Meski saat ini mekanisme transfer fiskal ekologis sudah dialokasikan melalui Dana Bagi Hasil Sumber Daya Alam (DBH-SDA) dan Dana Alokasi Khusus (DAK), tetapi keduanya masih terbilang terlalu kecil untuk dana konservasi hutan yang cukup besar. 

Masuknya DAU dalam kebijakan transfer fiskal ekologis diharapkan dapat membantu perekonomian daerah kaya hutan, khususnya memperkecil celah fiskal yang ada.

Untuk memahami bagaimana bergunanya apabila DAU berhasil masuk dalam kebijakan transfer ekologis, saya akan memaparkan hasil simulasi yang dipaparkan oleh Sonny Mumbunan di Papua[2]. 

Keberhasilan mekanisme yang diusulkan Sonny Mumbunan akan menambahkan DAU di Papua sebesar Rp1 triliun. Beberapa kabupaten di Papua juga akan mendapatkan tambahan DAU.

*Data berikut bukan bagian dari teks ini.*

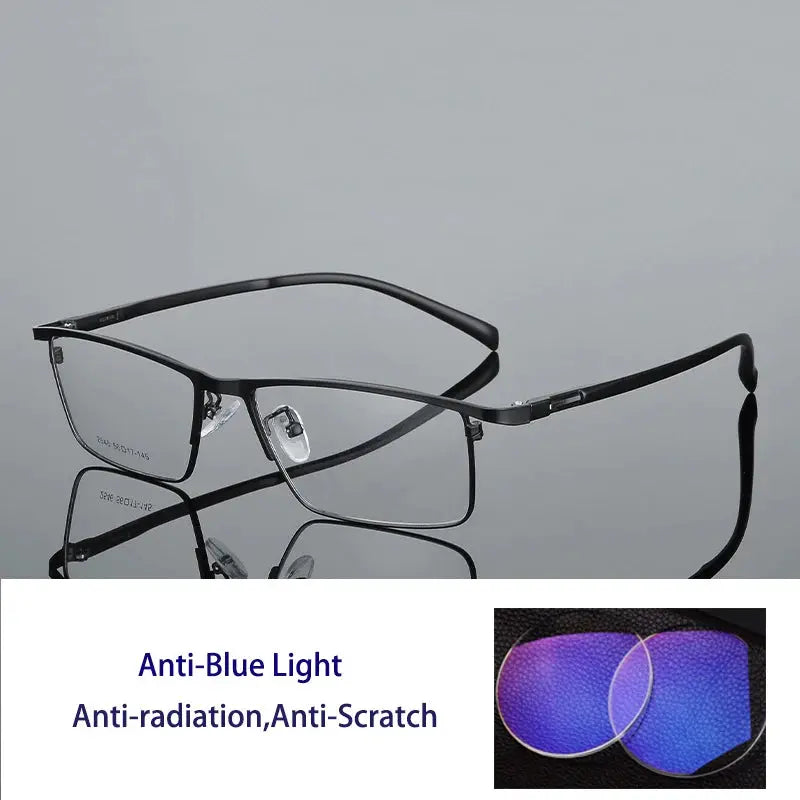 Unisex Browline Full Rim Titanium Prescription Glasses 254600 — view 4 | Rx Spectacle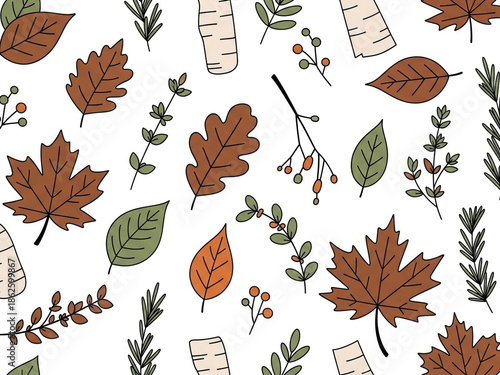 Wallpaper Mural Autumn leaves and branches on white background Torontodigital.ca
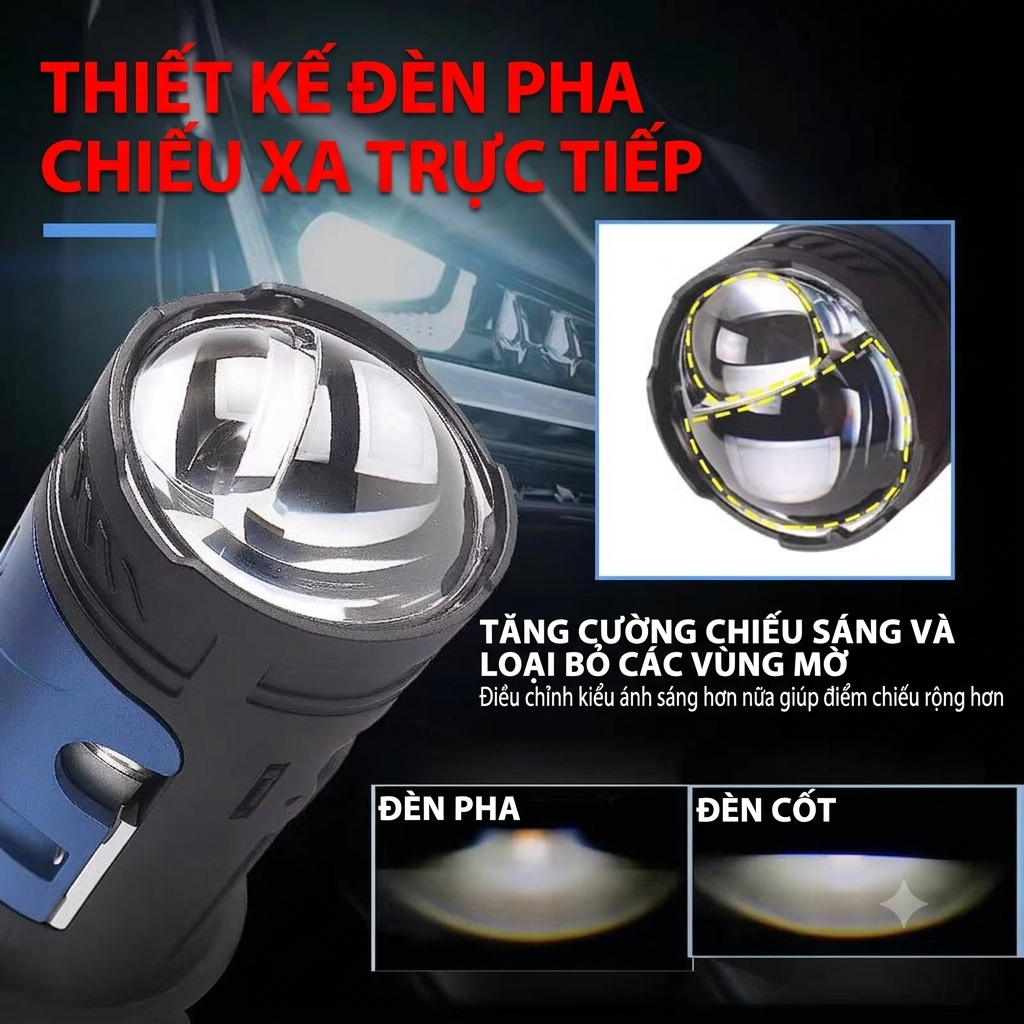 Bi LED Mini H4 1 Màu Trắng 80/65W 12V, Trợ Pha Kép (Màn Chập & 1 Laser Mắt Ếch) - Five Star BM04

Kabupaten/kota di Papua Barat akan mendapatkan tambahan dana sebesar Rp350 miliar, yaitu Kabupaten Mambaremo Raya sebesar Rp150 miliar, Kabupaten Jayapura sebesar Rp70 miliar, Kabupaten Teluk Bintuni sebesar Rp80 miliar, dan Kabupaten Tambrauw sebesar Rp50 miliar.

Dengan tambahan dana sebesar itu, celah fiskal yang ada di daerah-daerah kaya hutan dapat diperkecil. Harapannya, dengan mekanisme transfer fiskal ekologis seperti itu dapat meningkatkan motivasi daerah-daerah kaya hutan di Indonesia untuk terus menjaga jantung Indonesia, dan tentunya sekaligus jantung dunia.

Referensi

[1] William D. Sunderlin dan Ida Aju Pradnja Resosudarmo, 1997. Laju dan Penyebab Deforestasi di Indonesia:

Penelaahan Kerancuan dan Penyelesaiannya. OCCASIONAL PAPER NO. 9 (I). 

[2] Sonny Mumbunan, 2019. Ecological Fiscal Transfers for Forested Jurisdictions in Papua. The 29th International Congress for Conservation Biology (ICCB) di Kuala Lumpur, Malaysia, Juli 2019.